Performance comparison of Thrift, Protocol Buffers, JSON, EJB, other?

Performance comparison of Thrift, Protocol Buffers, JSON, EJB, other? - java

We're looking into transport/protocol solutions and were about to do various performance tests, so I thought I'd check with the community if they've already done this:
Has anyone done server performance tests for simple echo services as well as serialization/deserialization for various messages sizes comparing EJB3, Thrift, and Protocol Buffers on Linux?
Primarily languages will be Java, C/C++, Python, and PHP.
Update: I'm still very interested in this, if anyone has done any further benchmarks please let me know. Also, very interesting benchmark showing compressed JSON performing similar / better than Thrift / Protocol Buffers, so I'm throwing JSON into this question as well.

Latest comparison available here at the thrift-protobuf-compare project wiki. It includes many other serialization libraries.

I'm in the process of writing some code in an open source project named thrift-protobuf-compare comparing between protobuf and thrift. For now it covers few serialization aspects, but I intend to cover more. The results (for Thrift and Protobuf) are discussed in my blog, I'll add more when I'll get to it.
You may look at the code to compare API, description language and generated code. I'll be happy to have contributions to achieve a more rounded comparison.

You may be interested in this question: "Biggest differences of Thrift vs Protocol Buffers?"

I did test performance of PB with number of other data formats (xml, json, default object serialization, hessian, one proprietary one) and libraries (jaxb, fast infoset, hand-written) for data binding task (both reading and writing), but thrift's format(s) was not included. Performance for formats with multiple converters (like xml) had very high variance, from very slow to pretty-darn-fast. Correlation between claims of authors and perceived performance was rather weak. Especially so for packages that made wildest claims.
For what it is worth, I found PB performance to be bit over hyped (usually not by its authors, but others who only know who wrote it). With default settings it did not beat fastest textual xml alternative. With optimized mode (why is this not default?), it was bit faster, comparable with the fastest JSON package. Hessian was rather fast, textual json also. Properietary binary format (no name here, it was company internal) was the slowest.
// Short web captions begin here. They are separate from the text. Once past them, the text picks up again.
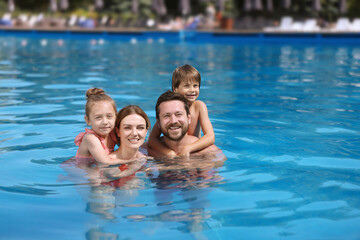 Happy family resting in swimming pool outdoors, space for text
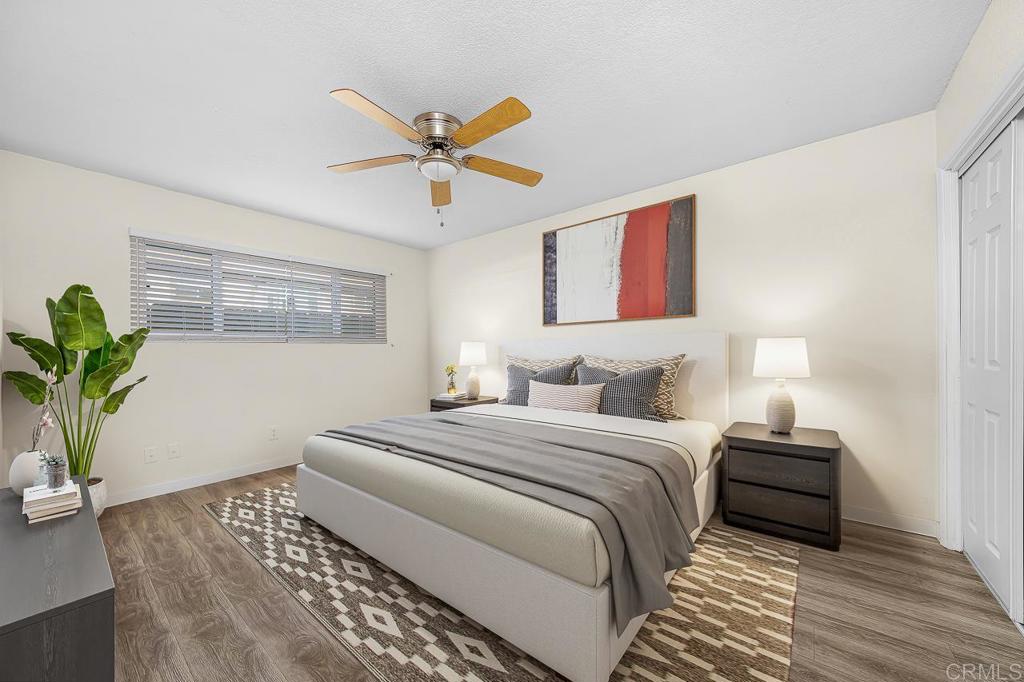 Staged bedroom with gray bedding, a patterned rug, abstract art, and a ceiling fan.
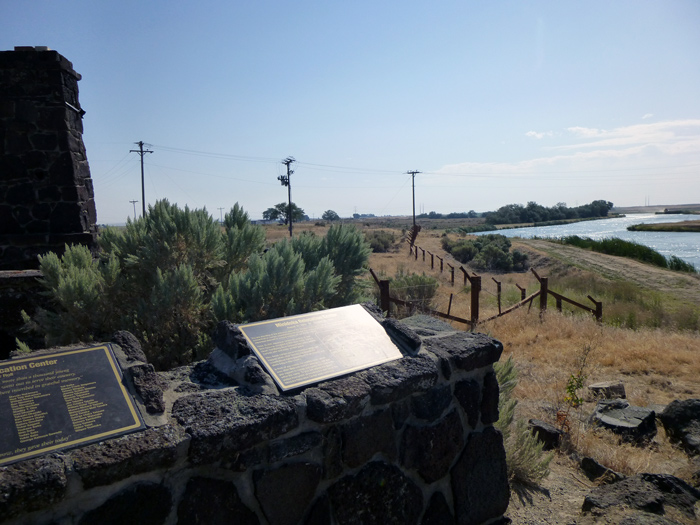 A view of the Northside Canal and reconstructed barbed wire fence.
Java object serialization was fast for larger messages, less so for small objects (i.e. high fixed per-operation noverhead).
With PB message size was compact, but given all trade-offs you have to do (data is not self-descriptive: if you lose the schema, you lose data; there are indexes of course, and value types, but from what you have reverse-engineer back to field names if you want), I personally would only choose it for specific use cases -- size-sensitive, closely coupled system where interface/format never (or very very rarely) changes.
My opinion in this is that (a) implementation often matters more than specification (of data format), (b) end-to-end, differences between best-of-breed (for different formats) are usually not big enough to dictate the choice.
That is, you may be better off choosing format+API/lib/framework you like using most (or has best tool support), find best implementation, and see if that works fast enough.
If (and only if!) not, consider next best alternative.
ps. Not sure what EJB3 here would be. Maybe just plain of Java serialization?

If the raw net performance is the target, then nothing beats IIOP (see RMI/IIOP).
Smallest possible footprint -- only binary data, no markup at all. Serialization/deserialization is very fast too.
Since it's IIOP (that is CORBA), almost all languages have bindings.
But I presume the performance is not the only requirement, right?

One of the things near the top of my "to-do" list for PBs is to port Google's internal Protocol Buffer performance benchmark - it's mostly a case of taking confidential message formats and turning them into entirely bland ones, and then doing the same for the data.
When that's been done, I'd imagine you could build the same messages in Thrift and then compare the performance.
In other words, I don't have the data for you yet - but hopefully in the next couple of weeks...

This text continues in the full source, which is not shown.